### MATERIAL SUPPLIED
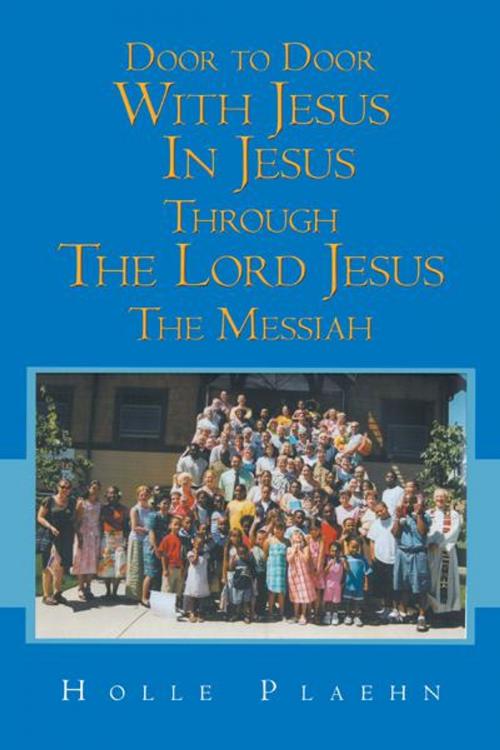 Cover of the book Door to Door with Jesus in Jesus Through the Lord Jesus the Messiah by Holle Plaehn, AuthorHouse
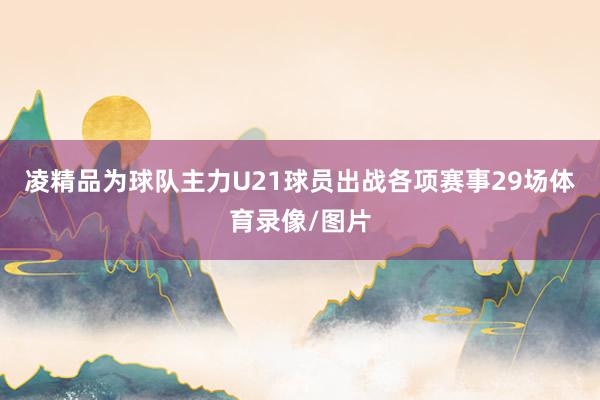 凌精品为球队主力U21球员出战各项赛事29场体育录像/图片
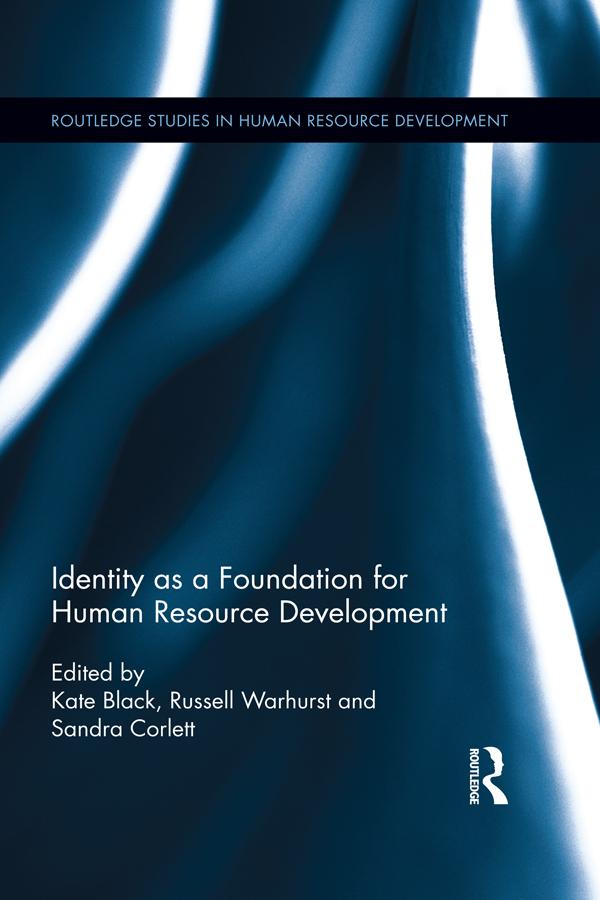 Identity as a Foundation for Human Resource Development by Kate Black, Russell Warhurst, Sandra Corlett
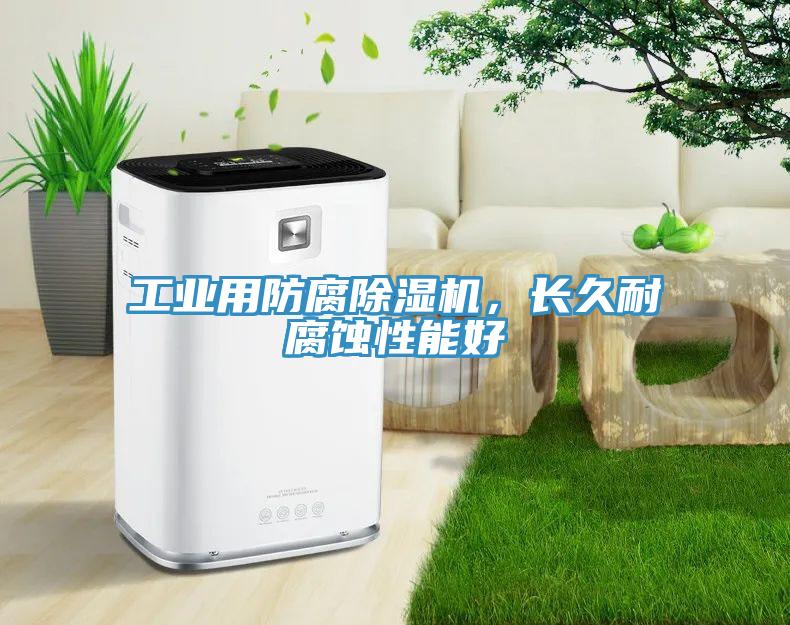 工业用防腐除湿机，长久耐腐蚀性能好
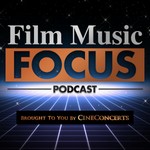 Logo of the podcast Film Music Focus - Video Podcast Film Music Focus - Video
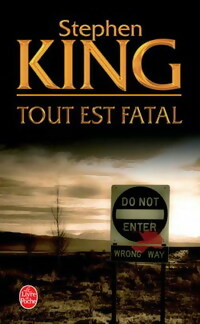 Seller image for Tout est fatal - Stephen King for sale by Book Hmisphres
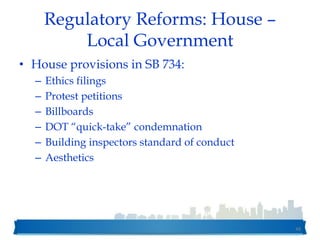 Regulatory Reforms: House –
Local Government
• House provisions in SB 734:
– Ethics filings
– Protest petitions
– Billboards
– DOT “quick-take” condemnation
– Building inspectors standard of conduct
– Aesthetics
48
 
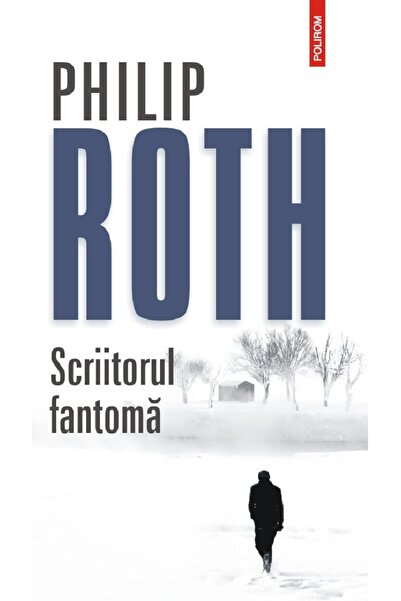 Polirom Scriitorul fantoma. Seria Zuckerman inlantuit Vol.1 - Philip Roth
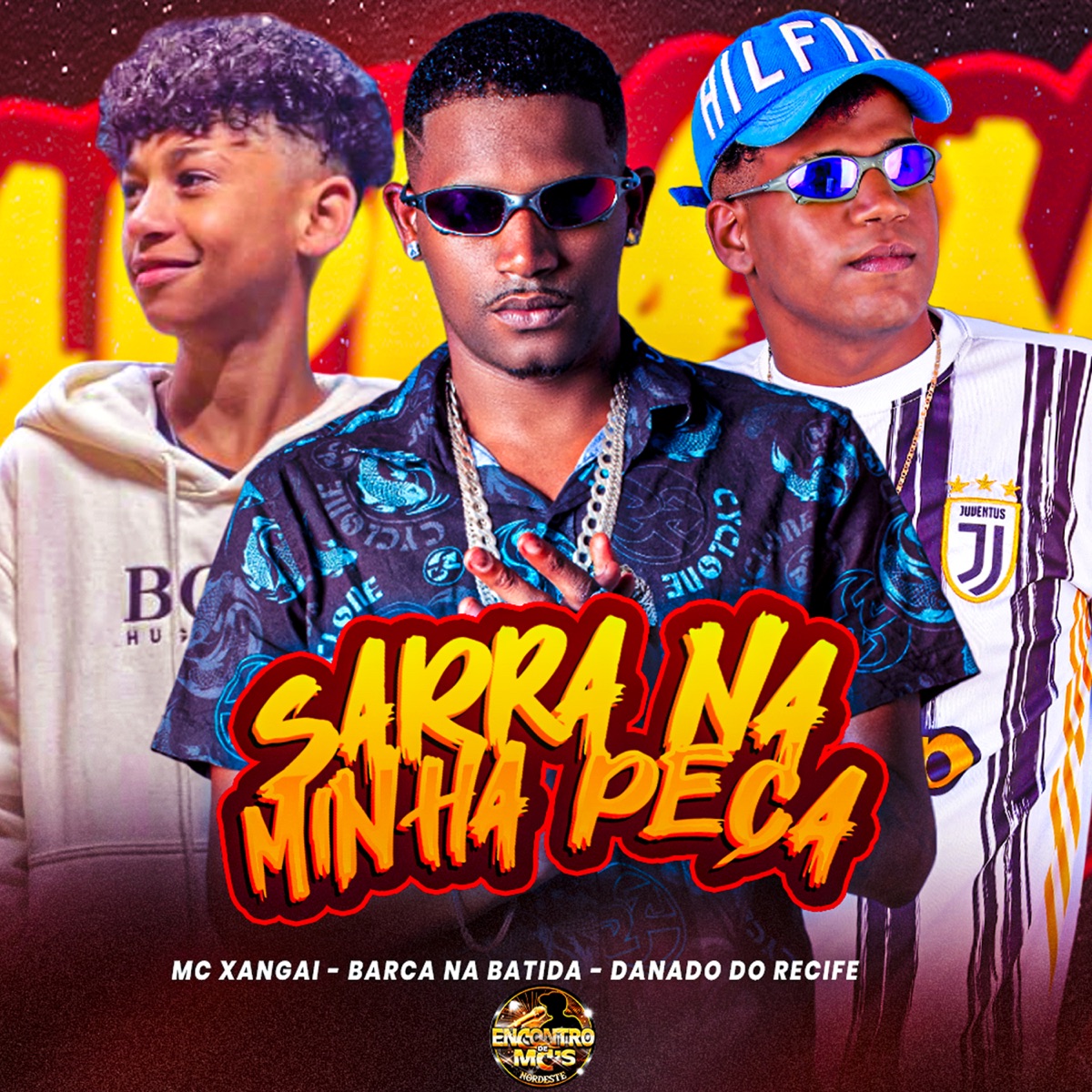 Sarra na Minha Peça (feat. MC Xangai) - Single by Barca Na Batida & Danado do Recife album cover
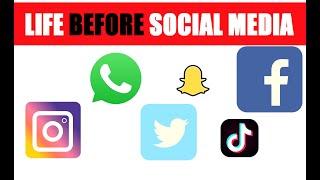 LIFE BEFORE SOCIAL MEDIA AND AFTER SOCIAL MEDIA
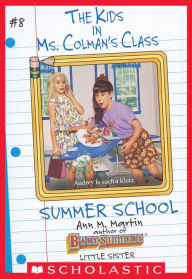 Title: Summer School (The Kids in Ms. Colman's Class #8), Author: Ann M. Martin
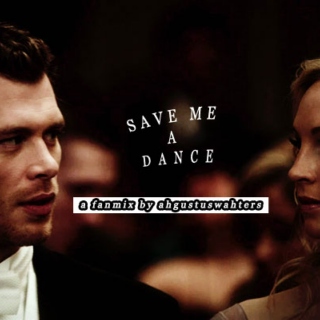||Save Me a Dance ||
######
▸ **PROMPT**
Nothing but the lines from the one that holds "Sarra na Minha" through the end of the data should appear, written out exactly, without pictures.

▸ **WRITTEN SOLUTION**
 Sarra na Minha Peça (feat. MC Xangai) - Single by Barca Na Batida & Danado do Recife album cover
 LIFE BEFORE SOCIAL MEDIA AND AFTER SOCIAL MEDIA
 Title: Summer School (The Kids in Ms. Colman's Class #8), Author: Ann M. Martin
||Save Me a Dance ||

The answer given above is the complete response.